Workflow Managers
Within Ramble’s variants configuration section, users can control which workflow manager is used for a set of experiments.
The workflow manager used controls many aspects of the experiment, and is intended to broadly map to a workload manager. Experiments in a workspace can select different workflow managers, and workflow managers can define additional templates and logic that can construct complex workflows. These can include getting an experiment’s status, cancelling an experiment, or submitting an experiment to a scheduler.
Configuring Workflow Managers
Workflow managers are controlled through a config option in the variants configuration section. The following shows an example of controlling this
variants:
workflow_manager: <workflow_manager_name>
The default workflow manager is user-managed which simply requires the user
to define the mpi_command and batch_submit variables to construct a working
workflow. The value of the workflow manager variant used can be a reference to a
variable, and will be expanded following Ramble’s variable definitions logic.
Supported Workflow Managers
Some of the currently supported workflow managers in Ramble include:
gke-mpi
google-batch
slurm
slurm-intel-mpi
slurm-pyxis
user-managed
GKE MPI Workflow Manager
Selecting the gke-mpi workflow manager will cause generated experiments to
create YAML formatted GKE manifest files for their experiments. Additionally,
the commands for submitting, and querying experiments will be handled through
kubectl.
It is important to note that GKE generally relies on containerized workloads. Ramble supports additional mechanisms for testing containerized workflows, but users might need to provide their own container for running in this mode.
Google Batch Workflow Manager
Selecting the google-batch workflow manager will enable the use of the Google
Cloud Batch workflow.
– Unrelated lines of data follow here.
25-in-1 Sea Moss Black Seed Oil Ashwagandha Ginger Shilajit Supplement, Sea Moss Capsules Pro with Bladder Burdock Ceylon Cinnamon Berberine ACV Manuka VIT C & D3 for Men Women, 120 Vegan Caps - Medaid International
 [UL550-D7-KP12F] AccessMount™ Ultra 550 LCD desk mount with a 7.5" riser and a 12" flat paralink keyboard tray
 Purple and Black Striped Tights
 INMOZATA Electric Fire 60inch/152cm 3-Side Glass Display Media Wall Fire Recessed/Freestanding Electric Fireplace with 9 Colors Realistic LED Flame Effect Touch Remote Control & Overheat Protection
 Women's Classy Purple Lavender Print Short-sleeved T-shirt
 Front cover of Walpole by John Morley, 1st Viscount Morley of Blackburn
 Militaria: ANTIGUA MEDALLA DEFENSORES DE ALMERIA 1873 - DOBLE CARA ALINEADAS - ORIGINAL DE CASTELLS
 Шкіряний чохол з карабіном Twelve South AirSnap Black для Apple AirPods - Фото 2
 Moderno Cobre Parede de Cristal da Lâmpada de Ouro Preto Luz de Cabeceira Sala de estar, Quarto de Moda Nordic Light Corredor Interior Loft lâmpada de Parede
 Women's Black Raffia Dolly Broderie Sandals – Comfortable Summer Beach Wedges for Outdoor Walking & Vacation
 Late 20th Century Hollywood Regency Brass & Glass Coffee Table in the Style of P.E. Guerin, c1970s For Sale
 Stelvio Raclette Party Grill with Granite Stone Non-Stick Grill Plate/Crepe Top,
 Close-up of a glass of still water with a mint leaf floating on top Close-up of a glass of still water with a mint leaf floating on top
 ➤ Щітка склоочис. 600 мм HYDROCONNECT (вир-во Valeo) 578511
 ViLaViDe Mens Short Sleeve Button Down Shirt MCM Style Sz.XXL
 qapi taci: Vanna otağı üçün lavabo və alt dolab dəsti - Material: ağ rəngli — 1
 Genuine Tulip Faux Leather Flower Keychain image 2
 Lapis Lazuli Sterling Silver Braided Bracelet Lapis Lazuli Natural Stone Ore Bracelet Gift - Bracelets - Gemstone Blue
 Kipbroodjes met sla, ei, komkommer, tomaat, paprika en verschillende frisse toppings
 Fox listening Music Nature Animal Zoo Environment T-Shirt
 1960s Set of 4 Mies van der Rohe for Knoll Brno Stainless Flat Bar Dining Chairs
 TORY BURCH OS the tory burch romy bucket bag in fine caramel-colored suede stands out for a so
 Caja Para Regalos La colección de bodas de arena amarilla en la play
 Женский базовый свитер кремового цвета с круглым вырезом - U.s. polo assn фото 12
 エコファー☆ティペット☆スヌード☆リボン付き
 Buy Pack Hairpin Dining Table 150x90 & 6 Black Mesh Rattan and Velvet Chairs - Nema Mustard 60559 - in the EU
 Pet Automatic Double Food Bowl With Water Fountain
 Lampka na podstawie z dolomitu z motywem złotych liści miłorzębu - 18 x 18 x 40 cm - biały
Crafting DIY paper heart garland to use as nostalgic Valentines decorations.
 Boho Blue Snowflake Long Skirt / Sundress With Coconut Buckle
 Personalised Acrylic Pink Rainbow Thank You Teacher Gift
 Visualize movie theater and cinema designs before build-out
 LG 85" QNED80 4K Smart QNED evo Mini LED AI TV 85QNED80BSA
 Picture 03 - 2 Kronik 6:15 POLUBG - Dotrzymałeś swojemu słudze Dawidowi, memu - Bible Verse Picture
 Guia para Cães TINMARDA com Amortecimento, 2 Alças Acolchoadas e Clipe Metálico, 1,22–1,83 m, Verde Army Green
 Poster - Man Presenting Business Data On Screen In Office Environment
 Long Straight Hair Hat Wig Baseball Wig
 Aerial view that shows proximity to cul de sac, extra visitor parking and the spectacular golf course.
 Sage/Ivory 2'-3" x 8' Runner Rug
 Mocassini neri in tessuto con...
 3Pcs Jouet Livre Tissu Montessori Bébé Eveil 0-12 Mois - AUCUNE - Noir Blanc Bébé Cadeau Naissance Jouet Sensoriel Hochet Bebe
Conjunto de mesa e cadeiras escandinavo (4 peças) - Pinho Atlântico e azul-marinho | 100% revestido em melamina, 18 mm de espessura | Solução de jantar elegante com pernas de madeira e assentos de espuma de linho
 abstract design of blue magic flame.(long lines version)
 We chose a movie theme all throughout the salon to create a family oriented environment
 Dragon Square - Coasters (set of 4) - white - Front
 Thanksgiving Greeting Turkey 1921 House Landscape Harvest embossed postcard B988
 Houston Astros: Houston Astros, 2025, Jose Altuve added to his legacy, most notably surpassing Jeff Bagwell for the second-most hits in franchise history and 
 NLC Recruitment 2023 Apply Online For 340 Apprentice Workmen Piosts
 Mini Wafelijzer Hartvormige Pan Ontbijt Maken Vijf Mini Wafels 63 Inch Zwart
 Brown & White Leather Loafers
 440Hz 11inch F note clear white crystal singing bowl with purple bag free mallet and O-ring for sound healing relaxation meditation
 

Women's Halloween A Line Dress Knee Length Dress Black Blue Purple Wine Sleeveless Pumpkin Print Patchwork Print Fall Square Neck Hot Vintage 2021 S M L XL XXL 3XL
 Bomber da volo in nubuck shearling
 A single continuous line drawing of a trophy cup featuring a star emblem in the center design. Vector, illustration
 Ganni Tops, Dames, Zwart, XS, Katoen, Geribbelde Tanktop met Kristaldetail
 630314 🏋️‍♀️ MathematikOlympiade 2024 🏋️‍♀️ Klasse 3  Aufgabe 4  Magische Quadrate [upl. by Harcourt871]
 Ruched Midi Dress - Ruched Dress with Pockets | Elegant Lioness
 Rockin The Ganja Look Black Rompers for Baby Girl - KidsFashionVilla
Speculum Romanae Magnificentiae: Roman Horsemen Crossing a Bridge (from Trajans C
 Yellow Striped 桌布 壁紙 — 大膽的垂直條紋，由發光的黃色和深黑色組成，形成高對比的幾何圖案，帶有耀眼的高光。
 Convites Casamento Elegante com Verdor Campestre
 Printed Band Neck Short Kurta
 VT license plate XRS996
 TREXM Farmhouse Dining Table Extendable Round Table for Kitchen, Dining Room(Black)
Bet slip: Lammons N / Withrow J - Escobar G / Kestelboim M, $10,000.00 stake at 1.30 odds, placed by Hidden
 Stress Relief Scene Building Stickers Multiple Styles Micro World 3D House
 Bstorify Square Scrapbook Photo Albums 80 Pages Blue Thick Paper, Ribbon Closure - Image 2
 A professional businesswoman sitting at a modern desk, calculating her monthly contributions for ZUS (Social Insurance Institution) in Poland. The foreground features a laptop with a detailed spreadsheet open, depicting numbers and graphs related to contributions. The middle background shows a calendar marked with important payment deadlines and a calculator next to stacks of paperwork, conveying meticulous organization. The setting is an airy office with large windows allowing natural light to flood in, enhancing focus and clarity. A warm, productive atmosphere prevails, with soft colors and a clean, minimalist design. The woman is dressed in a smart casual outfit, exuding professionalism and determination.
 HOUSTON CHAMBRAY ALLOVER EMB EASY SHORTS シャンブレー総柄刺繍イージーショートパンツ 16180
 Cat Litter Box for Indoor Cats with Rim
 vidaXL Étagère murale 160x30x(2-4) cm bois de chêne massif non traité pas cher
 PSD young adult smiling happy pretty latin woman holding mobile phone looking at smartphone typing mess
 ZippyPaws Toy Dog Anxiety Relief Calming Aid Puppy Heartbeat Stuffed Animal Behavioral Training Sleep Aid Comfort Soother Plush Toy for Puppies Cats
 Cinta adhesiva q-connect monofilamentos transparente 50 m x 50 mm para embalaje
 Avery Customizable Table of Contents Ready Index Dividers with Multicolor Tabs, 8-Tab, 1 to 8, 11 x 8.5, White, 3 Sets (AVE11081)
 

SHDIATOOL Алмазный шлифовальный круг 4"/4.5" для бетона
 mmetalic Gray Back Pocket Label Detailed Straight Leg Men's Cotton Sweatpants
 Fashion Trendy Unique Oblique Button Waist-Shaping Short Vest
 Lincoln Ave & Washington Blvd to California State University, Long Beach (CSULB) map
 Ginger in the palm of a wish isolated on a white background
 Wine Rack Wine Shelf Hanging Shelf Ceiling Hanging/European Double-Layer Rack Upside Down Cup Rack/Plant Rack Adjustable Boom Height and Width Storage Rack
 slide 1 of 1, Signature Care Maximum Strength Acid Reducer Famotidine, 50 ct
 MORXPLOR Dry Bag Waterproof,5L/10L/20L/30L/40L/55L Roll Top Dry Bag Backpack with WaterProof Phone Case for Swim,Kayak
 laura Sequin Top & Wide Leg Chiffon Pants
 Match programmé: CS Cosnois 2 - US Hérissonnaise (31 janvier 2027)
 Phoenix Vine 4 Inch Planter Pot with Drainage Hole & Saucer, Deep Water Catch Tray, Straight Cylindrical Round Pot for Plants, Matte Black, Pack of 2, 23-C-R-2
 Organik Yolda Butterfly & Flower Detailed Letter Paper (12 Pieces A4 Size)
With this, experiments will have YAML formatted job
manifests generated that can be submitted to Google’s cloud batch scheduler.
Additionally, submission and query commands utilize the gcloud cli command.
SLURM* Workflow Managers
There is a family of workflow managers that all apply some layered
functionality of Slurm on the generated experiments. The most basic of these is
the slurm workflow manager which uses a traditional SLURM workflow, including
the use of sbatch and srun.
The slurm-intel-mpi workflow manager augments the base SLURM workflow manager
to use Intel MPI with srun.
The slurm-pyxis workflow manager alternatively uses srun to run
containerized workloads. These are somewhat expected to have the pyxis-enroot
modifier applied to them as well, to ensure the proper format.
User Managed Workflow Manager
The user-managed workflow manager can be selected if a user wants to control
all aspects of the workflow themselves within the workspace. In this case, the
user should specify all required variables in the workspace’s configuration
file.